The 600MW Uruguaiana combined-cycle thermal power plant has been constructed by AES America at a cost of $350 million. Located in Uruguaiana in the State of Rio Grande do Sul, Brazil, the project site is about 44ha in size and is located in an area that is zoned for industrial development.
Petrobras purchases the gas from YPF in Argentina and delivers it to Sulgas, the local state gas distribution company, which sells it to the Uruguaiana project. A 270-mile pipeline was constructed at the same time as the plant, between Paraná, Argentina and Uruguaiana. The plant and pipeline began service in July 2000. The pipeline was extended to Porte Alegre in 2002, and cost $160 million.
BRAZIL GAS SUPPLY
The Uruguaiana power plant was built and is owned and run by AES. Its importance to the country is through its use of Argentinean gas in a privately owned, gas-fired plant in a country that is dominated by state-owned hydro capacity. The growth of the IPP and CCGT market in Brazil will be constrained by just how much natural gas it can get its hands on, and the ability of the Uruguaiana plant to use alternative fuels for a short period is evidence that supply is not as assured as would be liked.
Brazil has had to reduce energy privatisation plans due to the current energy crisis. This has been caused by the dependence on government funded hydro-power, which has reduced considerably due to the recent low-rainfall. There have also been equivalent shortages in other parts of Latin America that is leading to a huge amount of investment.
CCGT PLANT MAKE-UP
The Uruguaiana project uses a gas-fired combined-cycle process to generate electricity. The combined cycle-power plant burns natural gas in two Westinghouse 501F combustion turbines to generate approximately 352MW. Heat from the combustion turbines is recovered in two heat recovery steam generators (HRSGs). Steam from the HRSGs drives a single steam turbine to generate an additional 187MW. Duct firing may be used in the HRSGs to generate additional steam and an additional 78MW of electric power. Total maximum gross power output is 617MW and maximum net power output is 600MW.
If necessary, each combustion turbine can be operated in simple-cycle mode with hot exhaust gases vented directly to the atmosphere through two 45.7m-high HRSG bypass stacks. Two 30.5m-high bypass stacks were used during the four-month period preceding completion of the HRSGs and initiation of the combined-cycle operation. Natural gas is used as fuel under normal conditions. During periods of gas curtailment, oil may be burned as a back-up fuel. In such cases, water is injected into the combustion chamber to control NOx emissions.
The Uruguaiana project included two new 230kV electric transmission lines. The first was about 5km in length, and constructed from the project site to the CEEE Uruguaiana substation. The second was approximately 130km in length and linked the Uruguaiana project to the substation located in Alegrete.

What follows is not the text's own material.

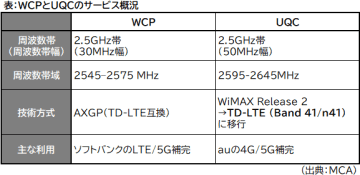 [DATAで見るケータイ業界] 携帯各社の通信ネットワーク戦略と経済安全保障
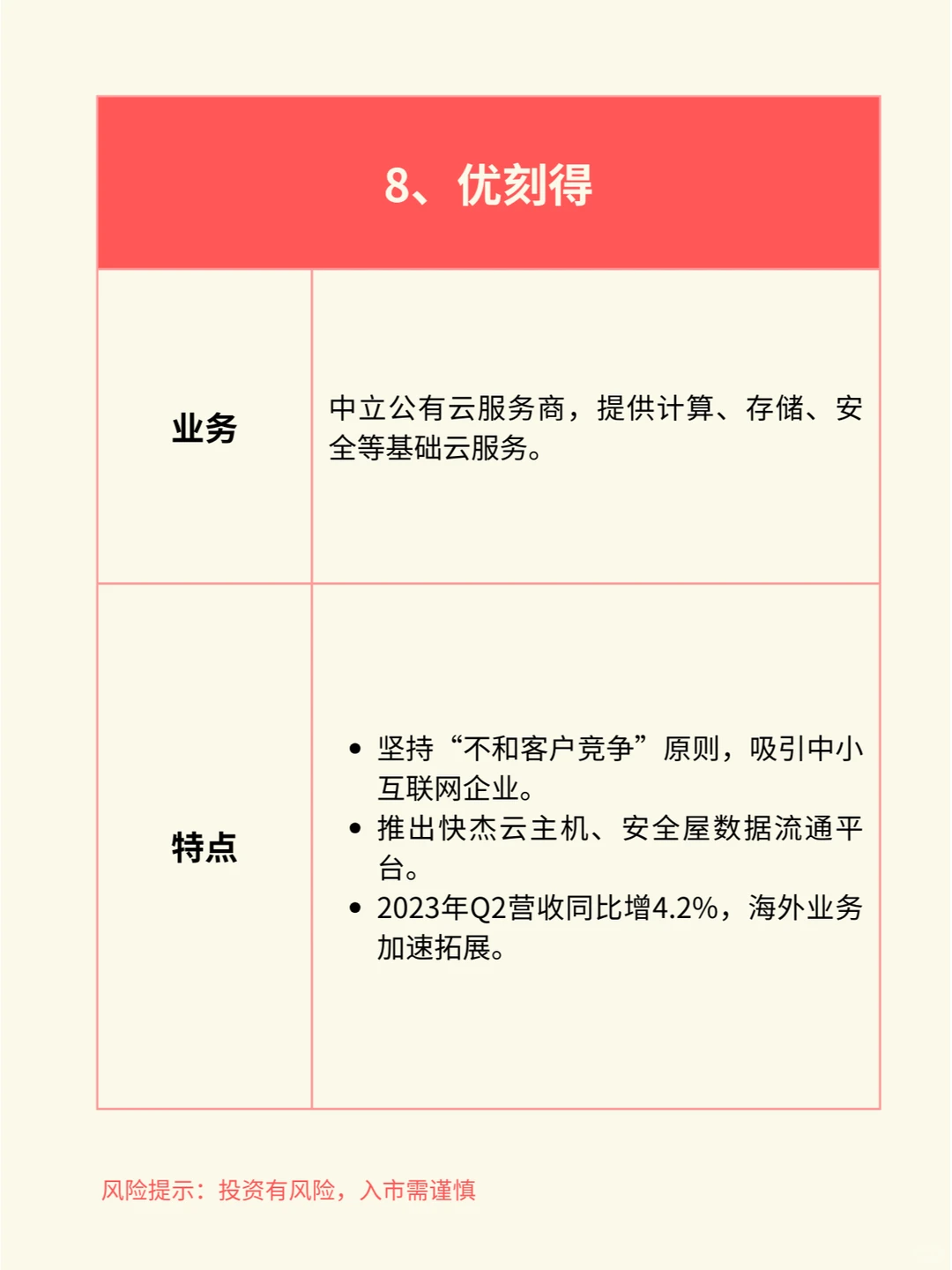 一天吃透一个行业赛道：云计算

A 45.7cm-diameter pipe was used for the pipeline extension. Up to 2,500,000m³ per day can be delivered to the project. A new gas pipeline, approx. 12km in length, carries the gas from the International Bridge that connects Paso de los Libres in Argentina with the Uruguaiana site.
Distillate oil can be used in emergencies in which the natural gas supply is interrupted. The oil is stored onsite in an aboveground tank with a 7,570m³ capacity (adequate for up to 72 hours of operation). The tank is located within a secondary containment dike for containing spills. The oil storage capacity will increase to 11,900m³ (adequate for up to 120 hours of operation). This will be a tank size change from one tank (7,570m³) to two tanks (6,000m³ each).
Water will be used for several functions including cooling, make-up, domestic use and general plant service. Water is supplied by on-site groundwater wells. The total water withdrawal is estimated to be 12,913m³ per day. The cycle makeup treatment system includes pressure sand filtration, cartridge filtration, reverse osmosis, degasification and mixed-bed ion exchange polishing.
Waste streams generated by this process include sand filter backwash, reverse osmosis reject water and ion exchange resin regeneration wastewater. Filter backwash is combined with cooling tower blowdown in the cooling tower blowdown surge tank. Reverse osmosis reject water is routed to the cooling tower basin for reuse. Ion exchange system regenerant wastewater is routed to a waste neutralisation tank prior to discharge to the wastewater storage basin.